2) To, że Józek nie jest facetem z misją, sam nie wie, po co to robi. Nie może inaczej. Ale nie ubiera tego w wielkie słowa, trzyma się  swojej perspektywy. Jest uparty jak osioł, więc do kozła ofiarnego stąd już tylko krok.

3) Antropologiczny kontekst opowieści, który moim zdaniem przebija temat relacji polsko-żydowskich. Dzięki temu naprawdę porusza wyobraźnię, również  tych, którzy już czytali Grossa, już rozmyślali nad dwuznacznością (ściślej: dwubiegunowością postaw świętych i potworów), którzy czują się poza bezpośrednio nazwanym antagonizmem. Potrzeba znalezienia kozła ofiarnego, naznaczanie wykluczonych, konsolidacja grupy mającej określonego wroga, zmowa milczenia, tabu etc.

4) Podoba mi się gra aktorska. Pomimo braku zrozumienia do nieustannego prania białej koszuli (jedynej posiadanej przez amerykańskiego brata) i zakładania  jej do każdej brudnej roboty. Nie mieści mi się w głowie, że brat nie pożyczyłby mu jakiejś flaneli. Ale to są zarzuty co do małych uchybień scenariuszowych, które dowcipnie wychwycił Jakub Socha („nie umawia się kombajnu na czwartą rano…”).

recenzencko

Wiem, że Pokłosie jest gęsto komentowane i że ja ledwie wycinek przeczytałam. Podzielę się tym, co jednak – moim zdaniem – naprawdę warto przeczytać. Dwa teksty z „Dwutygodnika”, jeden z „Kina”, jeden z „Gazety Wyborczej”. Nazwiska odsyłają do stron z tekstami recenzji.

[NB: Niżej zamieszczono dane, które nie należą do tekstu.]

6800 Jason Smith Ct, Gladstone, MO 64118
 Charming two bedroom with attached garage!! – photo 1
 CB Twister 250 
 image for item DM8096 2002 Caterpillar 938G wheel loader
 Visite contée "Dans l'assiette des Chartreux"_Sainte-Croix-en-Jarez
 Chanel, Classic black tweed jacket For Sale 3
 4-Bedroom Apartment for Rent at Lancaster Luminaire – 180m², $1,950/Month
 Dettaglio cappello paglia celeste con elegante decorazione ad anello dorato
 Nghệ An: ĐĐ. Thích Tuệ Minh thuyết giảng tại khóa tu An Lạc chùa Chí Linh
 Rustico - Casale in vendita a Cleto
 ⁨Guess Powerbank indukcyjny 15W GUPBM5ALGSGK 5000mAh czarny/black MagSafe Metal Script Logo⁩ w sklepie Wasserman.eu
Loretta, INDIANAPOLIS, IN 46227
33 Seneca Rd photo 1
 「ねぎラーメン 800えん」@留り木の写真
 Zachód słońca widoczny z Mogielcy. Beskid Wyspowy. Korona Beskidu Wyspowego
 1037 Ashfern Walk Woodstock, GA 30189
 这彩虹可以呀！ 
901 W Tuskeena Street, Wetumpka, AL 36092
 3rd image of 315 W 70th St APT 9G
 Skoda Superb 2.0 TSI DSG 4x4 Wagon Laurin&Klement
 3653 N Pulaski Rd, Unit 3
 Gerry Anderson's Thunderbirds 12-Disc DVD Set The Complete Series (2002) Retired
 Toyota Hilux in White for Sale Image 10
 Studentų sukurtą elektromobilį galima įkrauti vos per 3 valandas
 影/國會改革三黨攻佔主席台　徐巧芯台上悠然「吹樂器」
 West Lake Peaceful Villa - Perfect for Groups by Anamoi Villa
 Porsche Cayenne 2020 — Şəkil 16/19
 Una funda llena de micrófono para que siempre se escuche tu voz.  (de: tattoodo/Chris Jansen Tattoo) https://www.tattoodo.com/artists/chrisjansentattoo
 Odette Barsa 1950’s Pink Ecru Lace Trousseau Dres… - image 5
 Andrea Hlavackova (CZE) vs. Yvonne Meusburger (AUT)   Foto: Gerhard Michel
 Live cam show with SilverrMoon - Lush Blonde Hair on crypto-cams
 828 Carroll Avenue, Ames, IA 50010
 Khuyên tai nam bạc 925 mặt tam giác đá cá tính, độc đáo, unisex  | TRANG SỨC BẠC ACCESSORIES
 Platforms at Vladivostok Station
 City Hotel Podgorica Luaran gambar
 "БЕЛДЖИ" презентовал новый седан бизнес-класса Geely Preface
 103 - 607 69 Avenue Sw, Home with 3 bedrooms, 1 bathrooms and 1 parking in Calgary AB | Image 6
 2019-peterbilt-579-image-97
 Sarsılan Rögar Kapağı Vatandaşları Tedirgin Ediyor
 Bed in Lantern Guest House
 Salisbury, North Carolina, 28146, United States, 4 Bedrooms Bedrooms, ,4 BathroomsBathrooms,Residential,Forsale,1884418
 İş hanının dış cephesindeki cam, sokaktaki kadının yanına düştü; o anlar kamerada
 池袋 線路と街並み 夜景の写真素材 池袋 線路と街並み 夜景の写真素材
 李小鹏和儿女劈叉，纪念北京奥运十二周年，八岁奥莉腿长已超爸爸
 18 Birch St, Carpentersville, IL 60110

Jakub Socha pisał o filmie w kontekście majowego festiwalu polskiego kina w Gdyni. Proroctwo ostatniego akapitu właśnie się ziściło:
„Jednak Pokłosie to coś więcej niż film. Na pewno będziemy mogli się o tym przekonać w momencie, gdy wejdzie do kin. Oj, rozpęta się burza, niektórzy Pasikowskiemu nie darują, czym jeszcze bardziej potwierdzą, że tego typu film, który w sposób tak otwarty i mocny pokazuje polskie zbrodnie na ludności żydowskiej, był i ciągle jest niezbędny. O ilu naszych filmach można to samo powiedzieć?” Recenzja rozpościera się na trzech filarach, bo według Sochy tyle jest właśnie fundamentów Pokłosia: gatunek, melancholia i obowiązek. Melancholia… tak zdiagnozowana została reżyserska perspektywa: spojrzenie melancholika, który żyje w poczuciu, że jedyne, co można, to nie pogarszać sprawy. Bo przewidywał recenzent (trafnie!), że Pasikowski nie będzie się mierzyć z dyskutantami, rozdrabniaczami włosa na czworo i „urażonymi w swych uczuciach” mitomanami. Szkoda, że wszystko to spada na barki Stuhra.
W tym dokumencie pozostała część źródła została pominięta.